His plan to back Lawson into third place had to be abandoned, and a late race push proved insufficient, but eye-opening. Armstrong set his fastest lap on the final tour, demonstrating tyre management that other drivers were only dreaming of.

The other star rookie is one to watch

With Lawson’s stunning title win as a rookie, it would be easy to overlook the other star debutants down under. Esteban Muth had a solid if unspectacular debut in car racing, finishing seventh in French F4 last year, so it was a shock when he won in only his second TRS race.

He would lose that win as a result of a jumped start, but it showcased the raw potential of the 17-year-old protege of Andre Lotterer. The incidents and mistakes would continue, but that’s expected as a rookie, and they were less frequent than the far more experienced Auer.

In the Taupo reversed-grid race Muth finally got his win, and ended the season fifth in the standings, just 12 points adrift of Auer in third. He’d have been even closer had he not been denied a podium in the New Zealand Grand Prix by a harsh penalty for a pass on Auer.

Muth far exceeded fellow rookies Kazuto Kotaka and Petr Ptacek, both who made it onto the podium once, and although he was in the shadow of team-mate Lawson, expect him to shine in whichever series he decides to race in full-time this year. It wouldn’t be a surprise if he stuck with M2 Competition for its Formula Renault Eurocup expansion, which it is basing in Muth’s hometown in Belgium…

M2 Competition is ideally placed for Europe

Since its debut in 2011, M2 has consistently been the team to beat, but its 2019 campaign was statistically its most prolific yet. For the first time in the history of the series, it won 14 out of the 15 races, with each of its six drivers winning at least once.

There’s no doubt that M2 always attracts the top driving talents, granting it an advantage over its rivals, but operationally it has consistently proven itself the team to beat in all conditions as well.

That should transfer well when it makes its European racing debut in the Formula Renault Eurocup later this year. The series is a tough nut to crack, but will be somewhat of a more level playing field now with the addition of a new car, a new tyre supplier and the departure of two of its most experienced teams, Josef Kaufmann Racing and Fortec Motorsports.

It’s signed Kush Maini to its programme already, and it would be beneficial to call upon a couple of the many talents its had success with in TRS in recent years.

There’s an element of naivety to expect similar levels of success in the Eurocup, but don’t be surprised if it manages to establish itself as one of the leading teams in European junior single-seaters over the next decade.

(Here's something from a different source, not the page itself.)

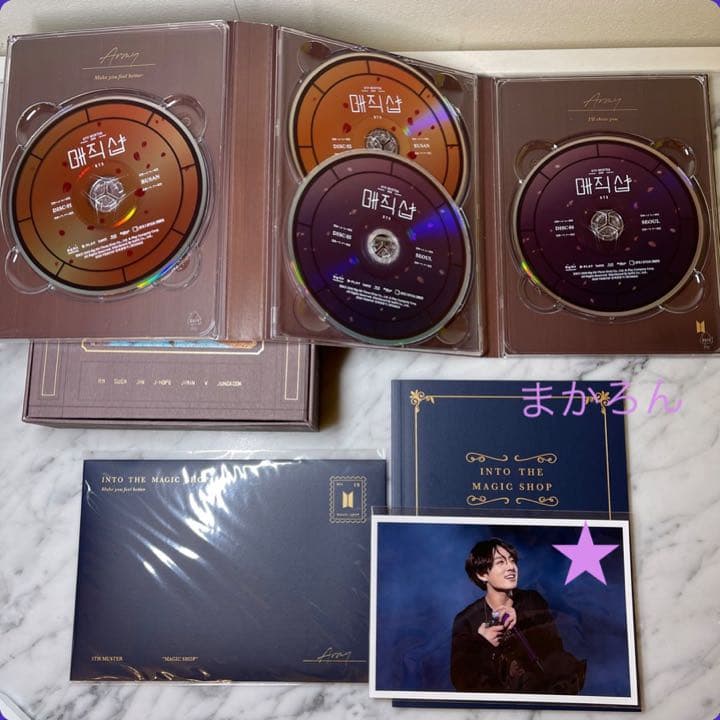 BTS magic shop マジショ 韓国 釜山 blu-ray 新品未開封
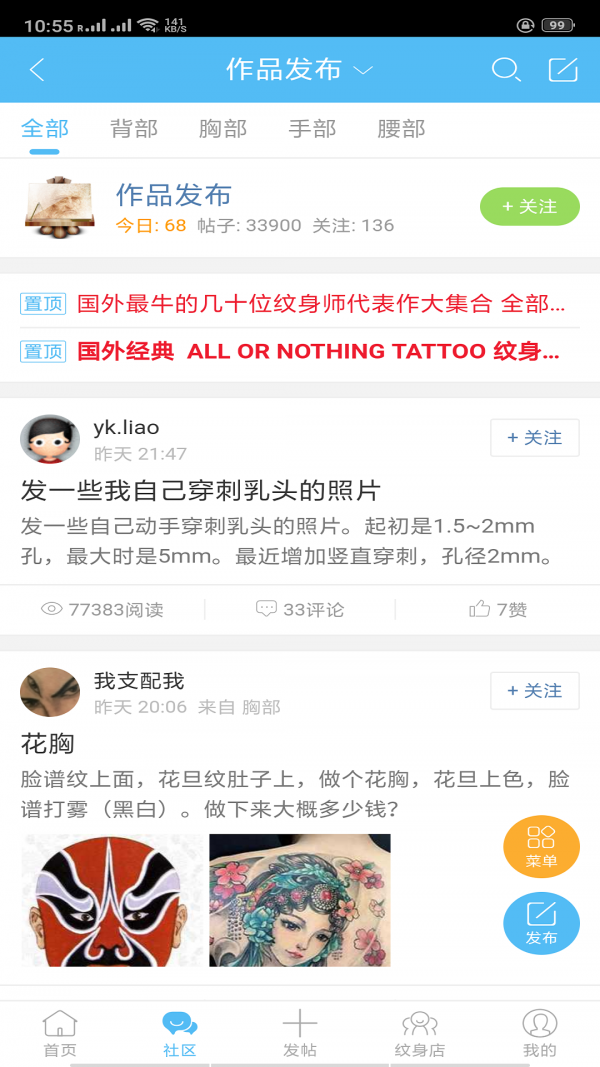 三紋公社截圖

TRS is still the best winter racing series

TRS faced and exceeded its usual competitor MRF Challenge this winter, which had just 12 entries for its season opener, and did the same to its new FIA-backed challenger in the Asian F3 Winter Series.

The Asian championship initially boasted more superlicence points than TRS,?threatening to dislodge TRS from its usual spot as the go-to winter series before it was revealed that the F3 series actually counted for none.

Red Bull junior Dan Ticktum and Formula Renault Eurocup stars Max Fewtrell and Yifei Ye had already joined the series before the superlicence clarification had been made, but low entry numbers beyond the big names meant the series would have lost superlicence eligibility anyway.

It made a mockery of the whole reason why Red Bull placed Ticktum in the series, a point made even more bizarre by the fact that his Red Bull stablemate driver Auer headed to TRS in an independently-funded deal. Had Ticktum elected to compete in TRS, he could have now received enough points to make his F1 debut – or perhaps Lawson would have shocked him too.

The racing in Asian F3’s two opening rounds has been dull in comparison to the excitement that TRS regularly produced throughout its five back-to-back weekends format.